K2 Calling: The world's most dangerous peak...

21 mountaineers hoped to summit 8,611m K2, known as the world’s deadliest mountain...
By Brendan Leonard

 The second highest mountain in the world—just 237 meters shorter than Mt. Everest—has a reputation for being far more hazardous than Everest, and the statistics don’t lie: Historically, for every 100 climbers who have made it to the summit of Everest, four have died. For every 100 climbers who have summited K2, 29 have died. A scant 306 people have ever stood on the summit of K2, compared to more than 5,600 Everest summiters.

The path to basecamp crosses glacial rivers. © Ahmad Abdul-Karim Photography

 The weather is worse on K2. The climbing is more difficult, with two technical sections, House’s Chimney and the Black Pyramid. Once safely past those, climbers must navigate the narrow Bottleneck couloir, forcing themselves underneath a set of massive seracs.

Porters at a K2 camp. © Ed Darack

 In 2008, part of the serac collapsed, cutting fixed ropes and avalanching onto the route, which made navigating the Bottleneck more technical for the parties who had climbed above it. In the single worst day in K2’s history, 11 climbers died. A new documentary film, The Summit (trailer below), premiered at the Sundance Film Festival in January 2013, and attempts to explain the obsession with K2, the dangers of climbing it, and the 2008 tragedy.

 Although it has a reputation to be “the Savage Mountain,” K2 is not statistically the deadliest 8,000-meter peak—Annapurna, the first of the 8000ers to be climbed, is. For every 100 climbers who summited Annapurna, 34 have died. K2, however, draws far more interest, maybe because of its reputation.

The Gilkey Memorial at K2 base camp. © Credit: Nadeem Khawar

 The major disasters, in 2008, and in 1986, when 13 climbers died over the span of several weeks, have put K2 in the news, and although expeditions return every year, the mountain and its weather are fickle. In 2009 and 2010, no one summited K2. In 2012, more than 30 climbers summited, 28 of those in a single day of great weather on July 31. This year’s teams no doubt hope for similar success.

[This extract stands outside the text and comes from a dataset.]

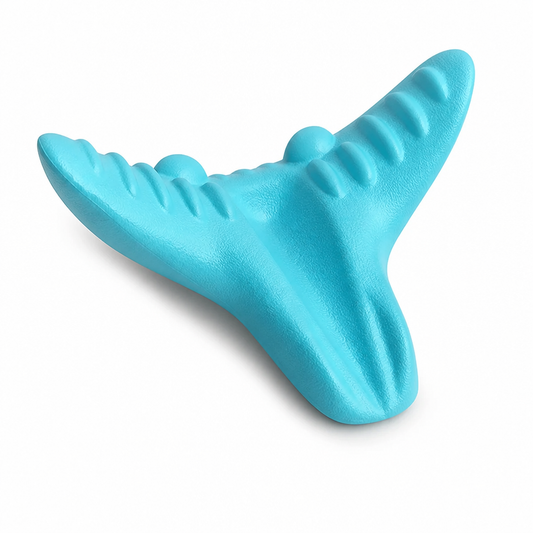 Neck Stretcher Ergonomic Cervical Support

According to Raheel Adnan's Altitude Pakistan blog and the Japanese team's blog, 21 climbers from various expeditions planned to leave K2 Base Camp on July 24, hoping to take advantage of an expected good weather window beginning on July 27.

 Climbers left at 6 a.m. local time. Four teams—a Japanese team, an Argentinian team, and two international teams with members from New Zealand, Australia, Nepal, Greece, the UK, and Canada—are on the mountain. All climbers will be on the standard Abruzzi Spur route.

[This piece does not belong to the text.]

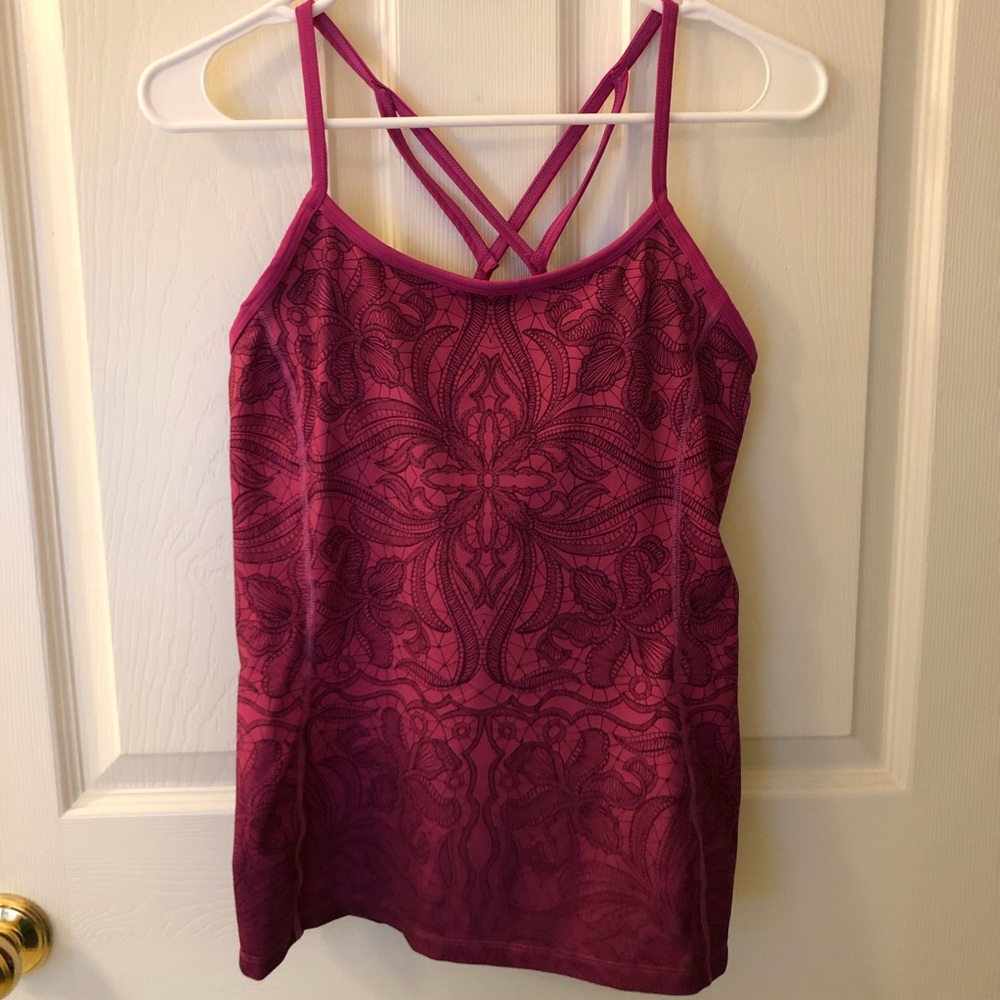 Athleta Harmonious Tank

Spanish climber Alex Txikon, who planned to climb the Cesen route without oxygen with Mexican Benjamin Salazar and Spaniard Felix Criado, has apparently turned back at Camp 2 because of too much snow high on the route.

A Swiss team (Mike Horn, Fred Roux, and Kobi Reichen) also planned to climb the Cesen Route, but Mike Horn posted on his blog on July 20 that he and Fred Roux left for Broad Peak to attempt to rescue the three Iranian climbers who were lost around 8,000 meters and died.

PRESS TIME UPDATE: Friday morning's reports indicate that all teams have turned back due to the massive amounts of snow and high level of avalanche danger – the summit of K2 may remain untouched in 2013.